The key division that we will emphasize here, one made between classes of painters rather than among literati, distinguishes men who were called "academic" painters and those who were seen as painters in the literati tradition. What's the difference? Academic painters were highly skilled craftsmen, who aimed to achieved marvelous effects through their use of colors, realistic or highly conventional representations of people or things, spectacular detail, applications of shiny gold leaf, and so forth. The Imperial court employed many such men, and others made their way in the world by selling their paintings to wealthy patrons and customers. "Academic painters" were professionals, both in their virtuoso skills, and in the fact that they depended on permanent employment as painters, or on selling their paintings to live. While many of these men were educated to some degree, few possessed the literary background of a literatus, and none made their way in life fulfilling the Confucian ideal of governmental service. "Literati painters," on the other hand, were amateurs -- they painted as a means of self-expression, much the same way they wrote poetry; both forms were inheritances from the Neo-Daoist era of the Six Dynasties. While many fewer literati were accomplished painters than were poets (and painting was never an aspect of the exams), in every major place in China there were always many literati who either painted on the side, while playing the role of scholar-officials, or who, through wealth, could afford to devote themselves fully to the art of painting.
Literati painting was conceived as mode through which the Confucian junzi (noble person) expressed his ethical personality. It was much less concerned with technical showiness. Literati painters specialized in plain ink paintings, sometimes with minimal color. They lay great emphasis on the idea that the style with which a painter controlled his brush conveyed the inner style of his character -- brushstrokes were seen as expressions of the spirit more than were matters of composition or skill in realistic depiction.
While literati poetry developed fully during the Tang Dynasty on the basis of long Six Dynasties preparation, painting did not become central to literati until later. Although we hear of famous poet-painters of the Tang, because their works have not survived it is difficult to know to what degree their art differed from academic painting. During the late Song, however -- that is, after about 1200 -- literati and academic painting become two distinct streams. Interestingly, although academic paintings were often far more skilled in technique, many felt -- and still feel -- that the "amateur" ink paintings of the literati are the highest form of art in China.

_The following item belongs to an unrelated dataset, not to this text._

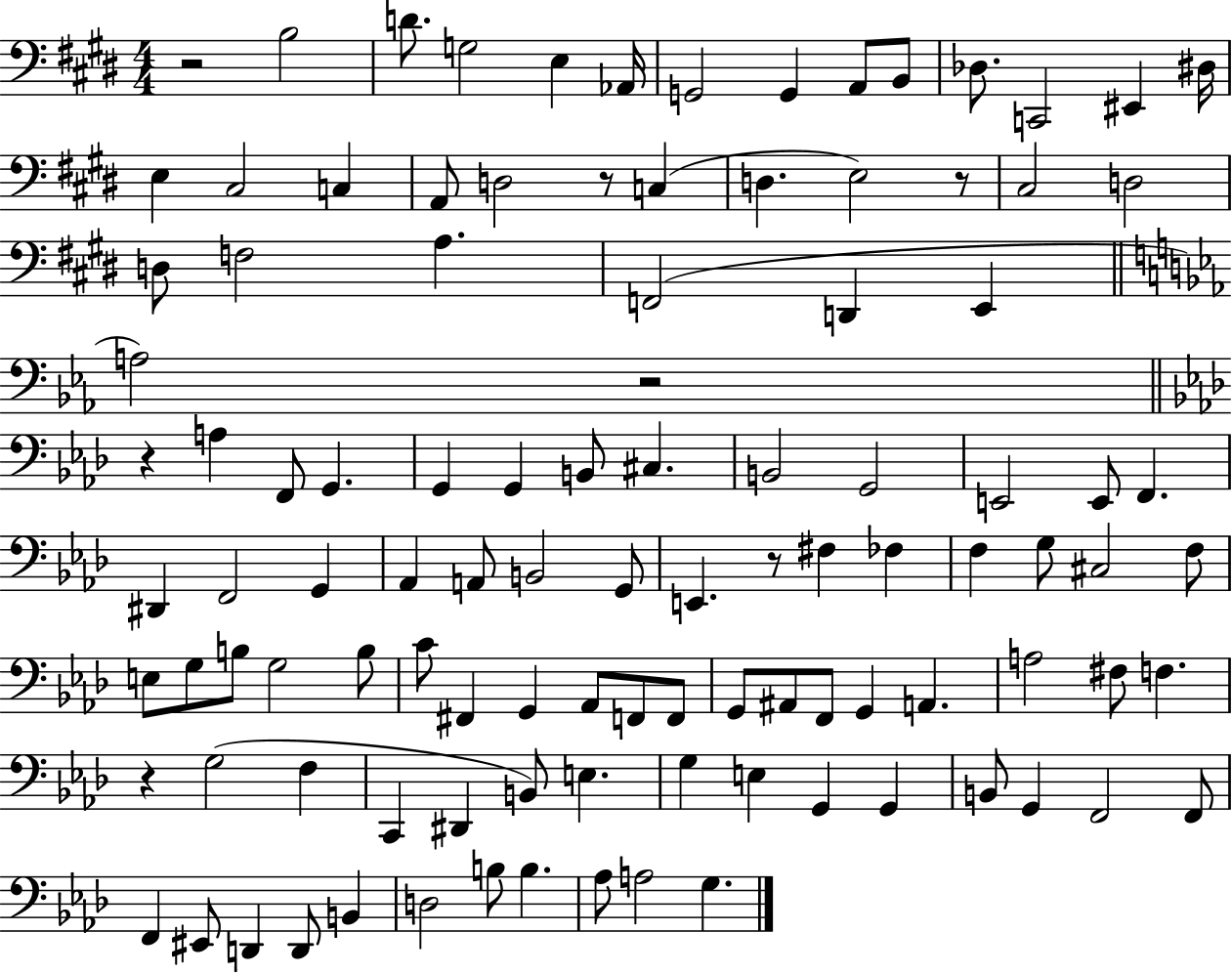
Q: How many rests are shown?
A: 7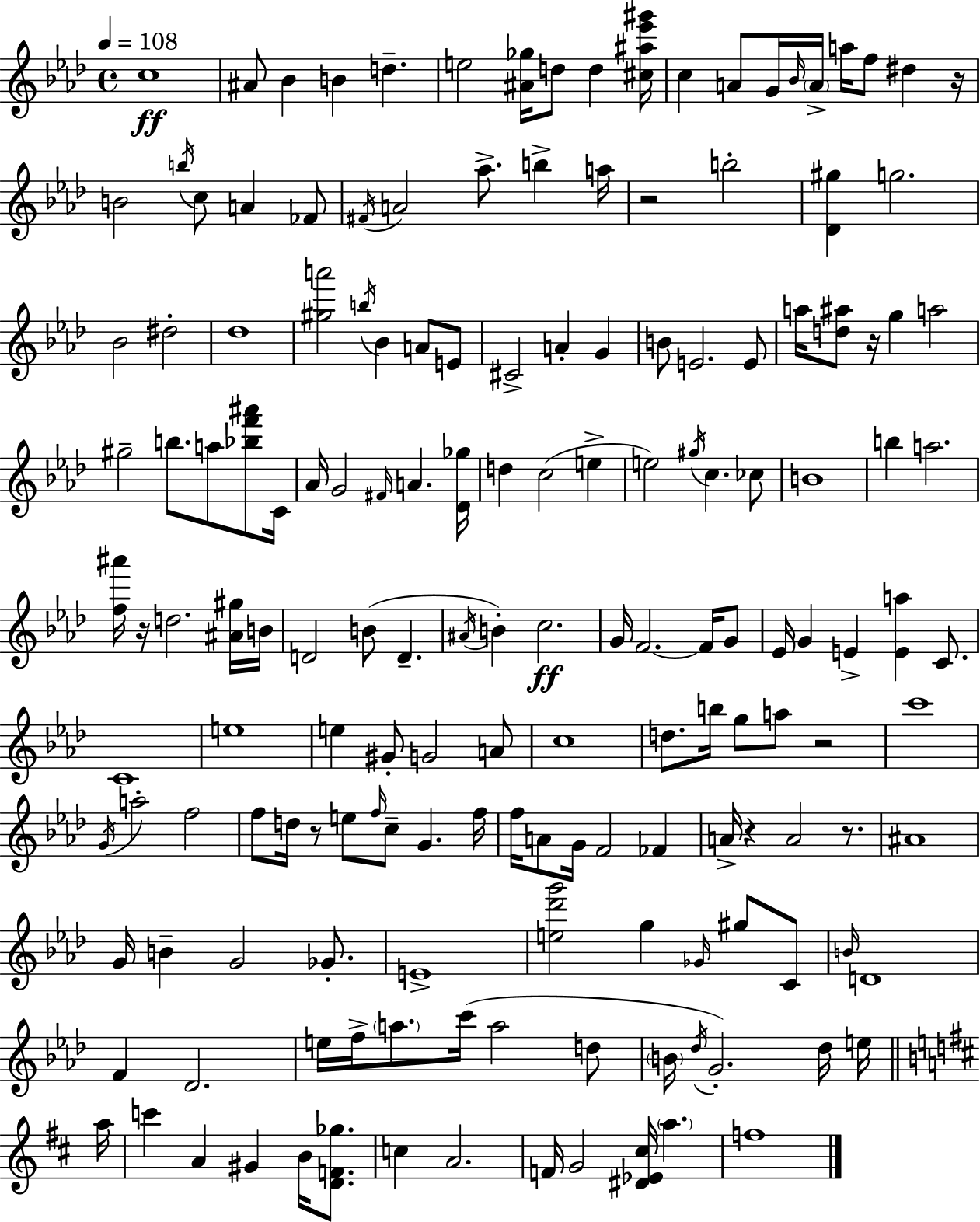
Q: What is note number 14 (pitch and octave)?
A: A5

On the pages linked through this page, we will take a look at some representative works of literati painting, and many of these will be central to our Wednesday class. We'll briefly survey here the heights that academic painting reached before the genre of literati painting became fully developed, and then focus on a limited number of painters and paintings. The most important of the painters we will look at is a man named Shen Zhou (1427-1509), who lived during the Ming Dynasty (1368-1644). We will see in Shen Zhou's approach to his art many key facets of the Confucian-Daoist literati ideal, translated into an approach to painting.
Please bear in mind that this reading, which introduces only a few paintings, in no way represents the spectacular range of Chinese painting of all types and eras that we now possess. Chinese art history is one of the richest fields of cultural exploration, and painting is one of its most complex and beautiful areas. This reading focuses almost solely on landscape paintings, only one among dozens of genres.